» **TASK GOAL**
Include the line with "Trong 9 tháng, Arsenal" and every line before it in the entries below, echoed exactly, but not the pictures.

(RECORDS TO PROCESS)

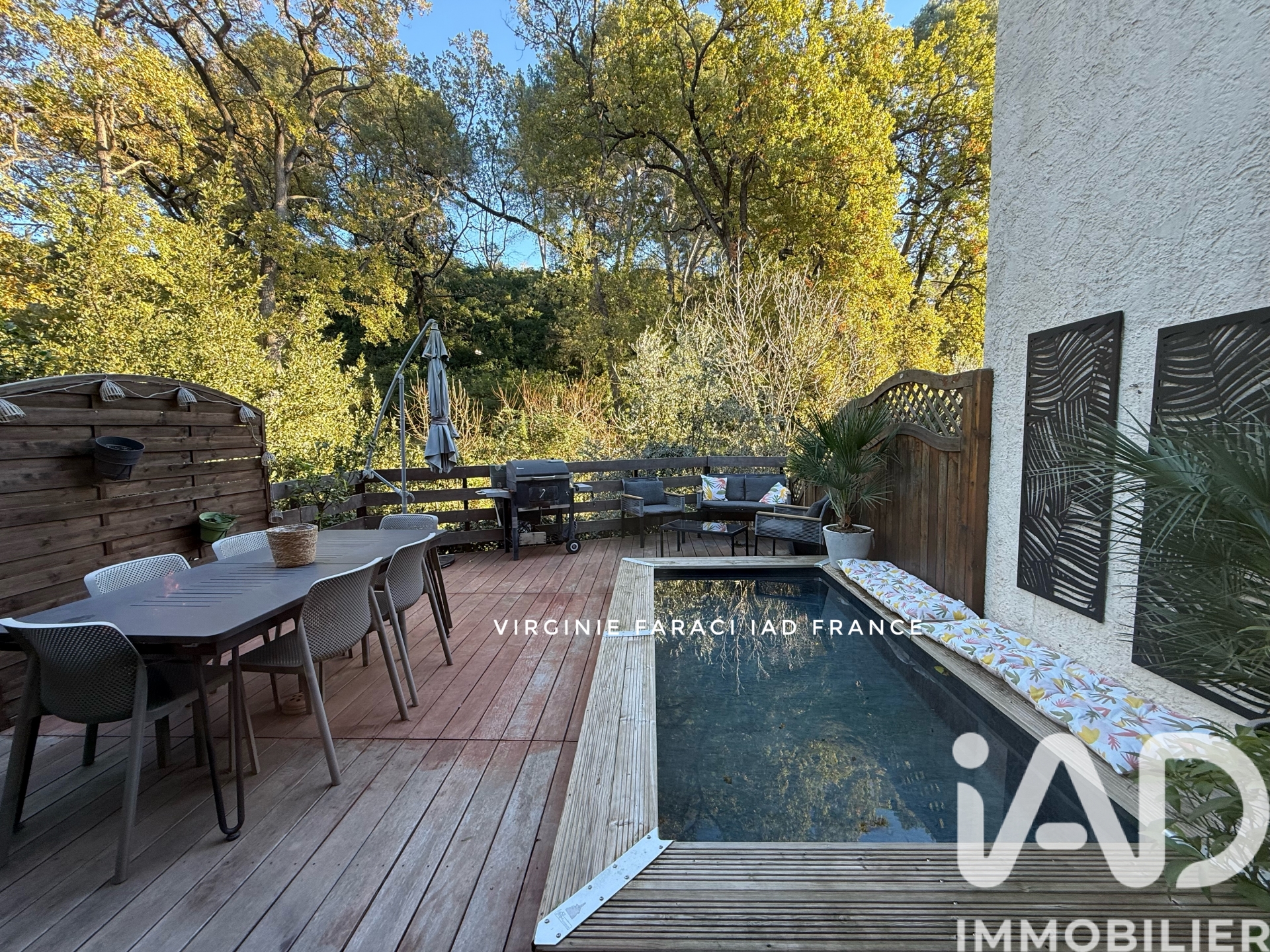 Vente maison à Le Castellet (83330) : maison traditionnelle 4 pièces 110 m² - 1898689 — 14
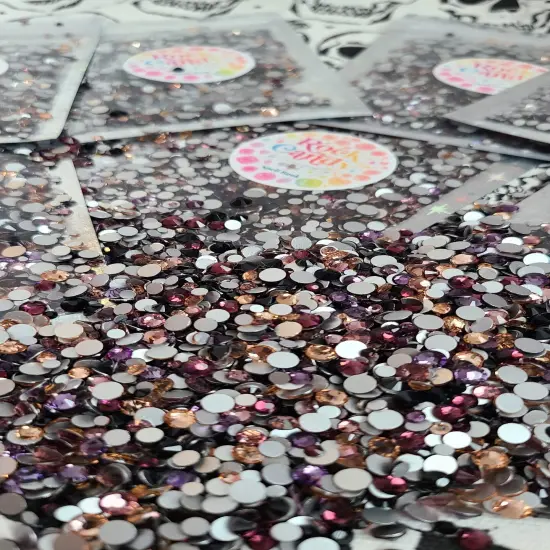 Glass Rhinestone Mix - Spell Book by Glitter Heart Co.&trade; {4}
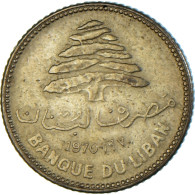 Monnaie, Liban , 5 Piastres, 1970 - Lebanon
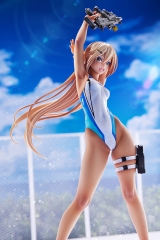(Pre-order) AMAKUNI ARMS NOTE Kouhai-chan of the Swimming Club Blue Line Swimsuit Ver. 1/7 Figure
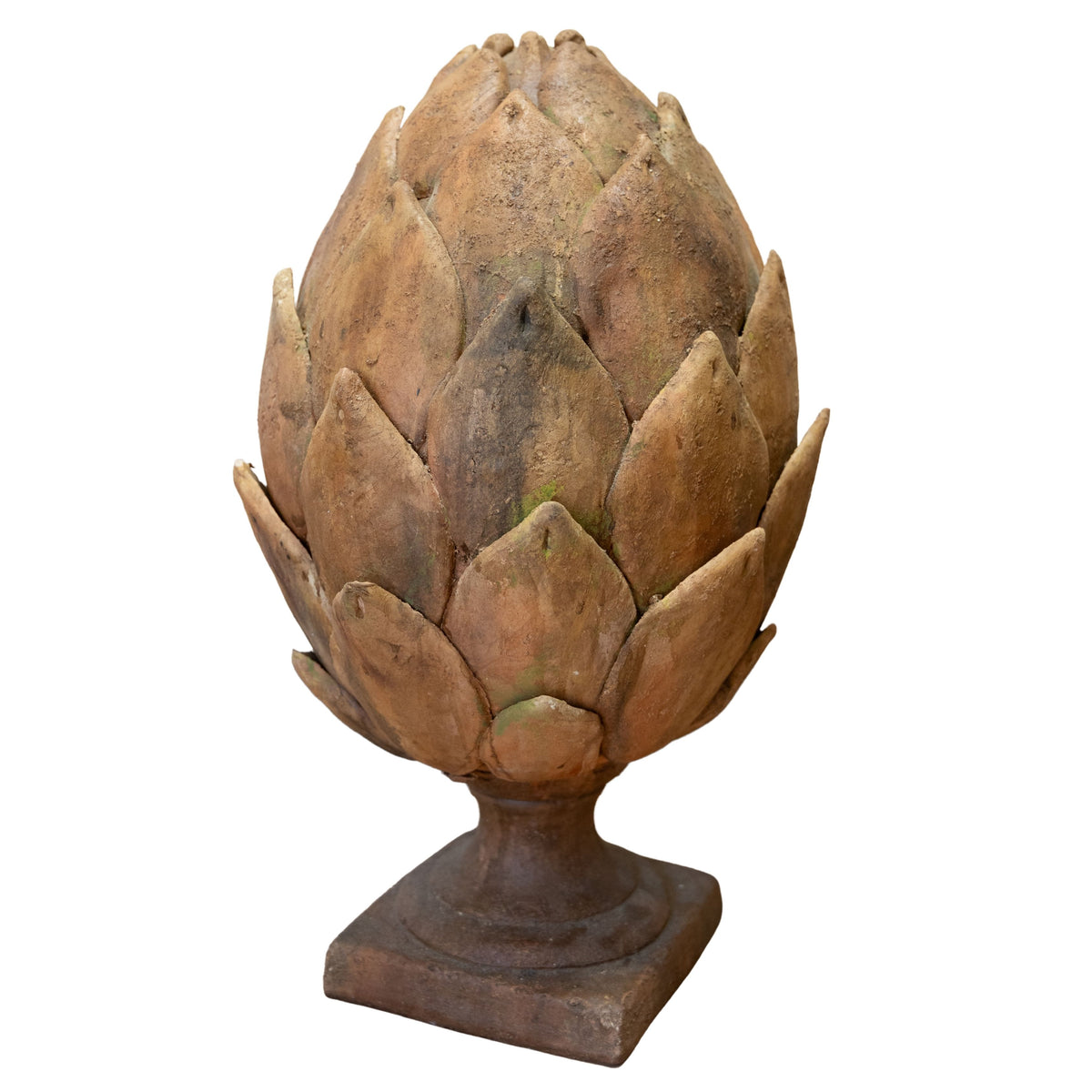 Vintage Wooden Artichoke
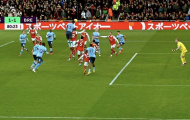 Trong 9 tháng, Arsenal bị trọng tài xử ép 3 lần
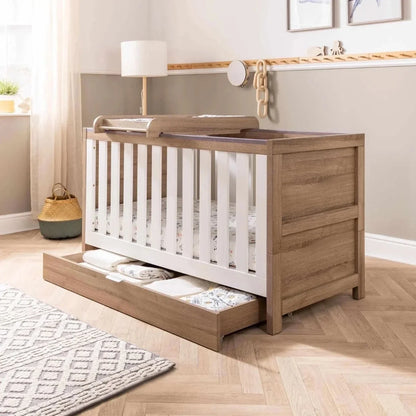 Tutti Bambini Universal Underbed Drawer - White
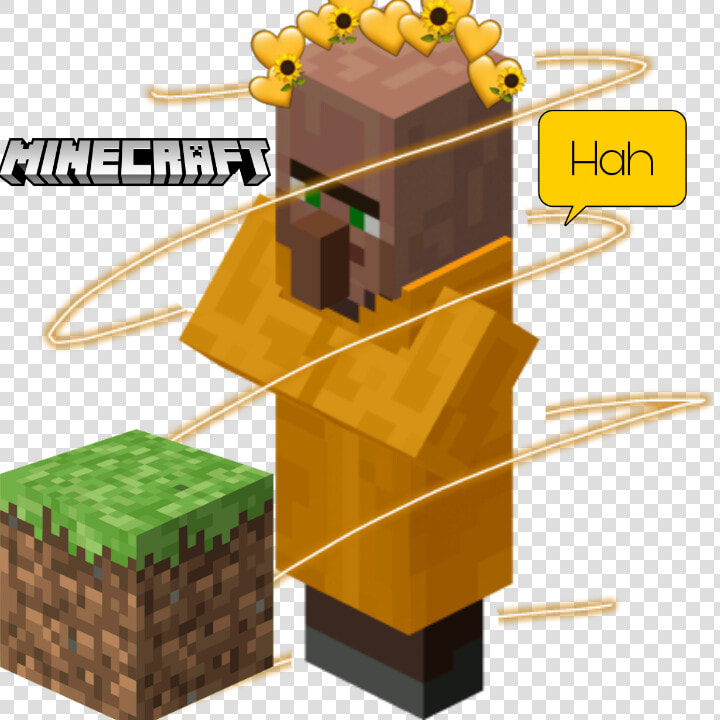  minecraft Villager😂😂   Minecraft Icon  HD Png DownloadTransparent PNG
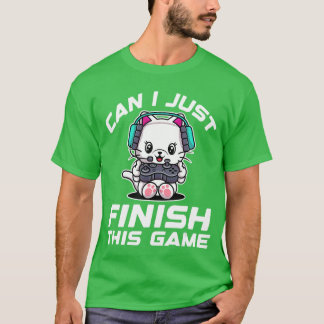 Gamer Quote Video Game Lover Gaming Boys Girls Say T-Shirt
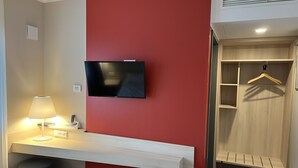 Lydisolert, wi-fi (inkludert) og sengetøy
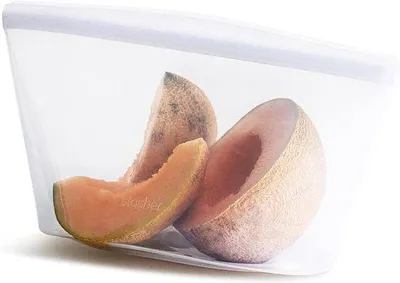 Immagine prodotto di Contenitore in silicone per 8 persone, trasparente e resistente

(End RECORDS TO PROCESS)

» **EXPECTED ANSWER**
 Vente maison à Le Castellet (83330) : maison traditionnelle 4 pièces 110 m² - 1898689 — 14
 Glass Rhinestone Mix - Spell Book by Glitter Heart Co.&trade; {4}
 Monnaie, Liban , 5 Piastres, 1970 - Lebanon
(Pre-order) AMAKUNI ARMS NOTE Kouhai-chan of the Swimming Club Blue Line Swimsuit Ver. 1/7 Figure
 Vintage Wooden Artichoke
 Trong 9 tháng, Arsenal bị trọng tài xử ép 3 lần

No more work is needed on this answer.